* DATA SHOWN *

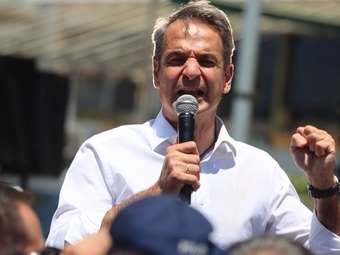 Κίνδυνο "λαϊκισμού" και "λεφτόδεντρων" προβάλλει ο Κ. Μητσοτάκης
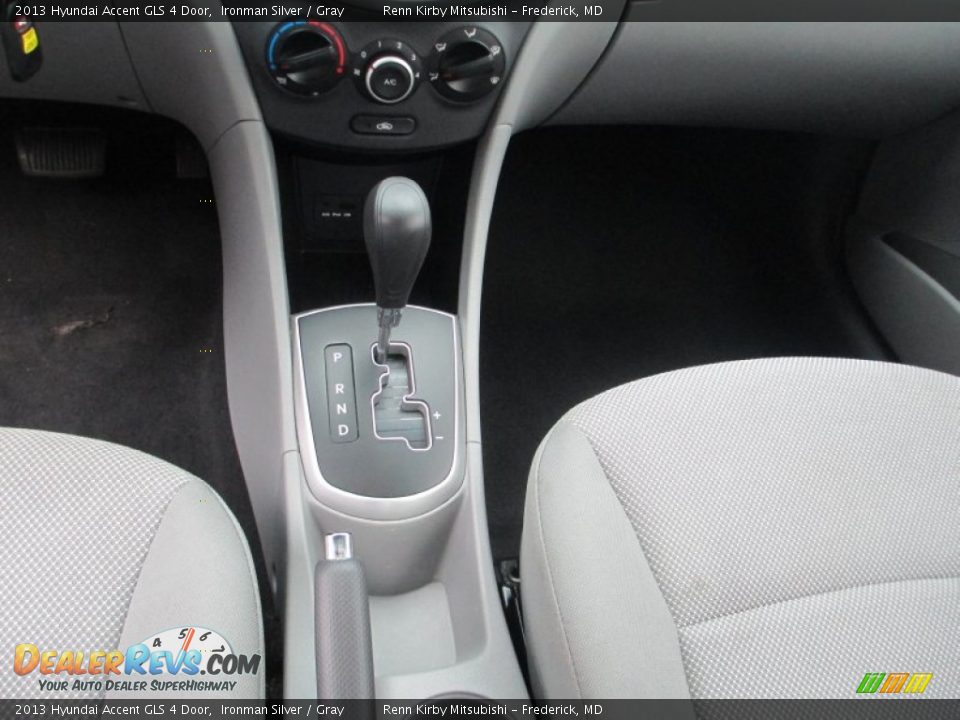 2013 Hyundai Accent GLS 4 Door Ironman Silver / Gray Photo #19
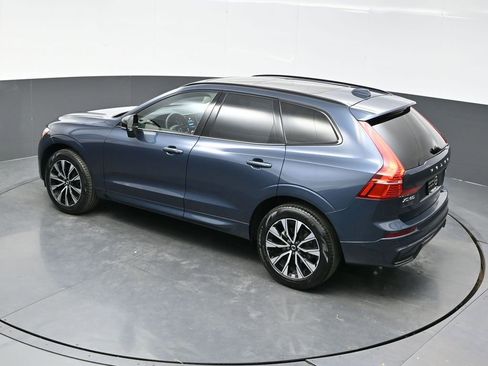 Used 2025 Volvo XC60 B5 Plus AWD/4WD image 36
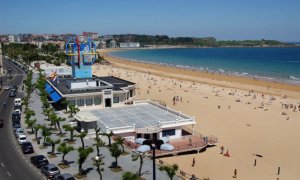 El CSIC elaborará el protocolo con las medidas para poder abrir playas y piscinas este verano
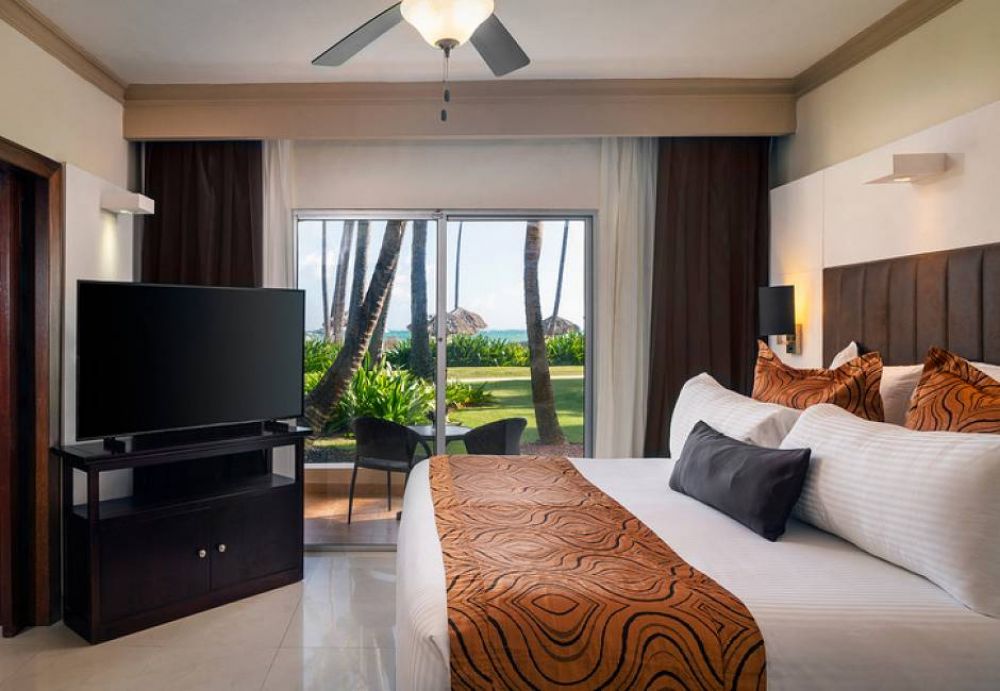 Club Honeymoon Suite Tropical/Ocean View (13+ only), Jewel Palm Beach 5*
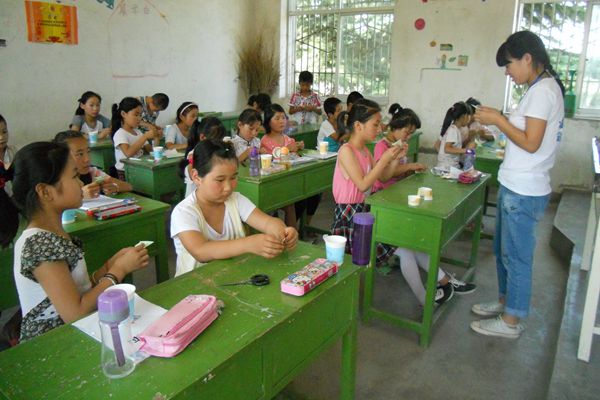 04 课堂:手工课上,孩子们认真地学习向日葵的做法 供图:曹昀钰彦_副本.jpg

* EXERCISE DIRECTIONS *
Return only the lines that start at the line containing "El CSIC elaborará" and finish at the last line of the entries, exactly as written and without pictures.

* SOLUTION TO THE PROBLEM *
 El CSIC elaborará el protocolo con las medidas para poder abrir playas y piscinas este verano
 Club Honeymoon Suite Tropical/Ocean View (13+ only), Jewel Palm Beach 5*
 04 课堂:手工课上,孩子们认真地学习向日葵的做法 供图:曹昀钰彦_副本.jpg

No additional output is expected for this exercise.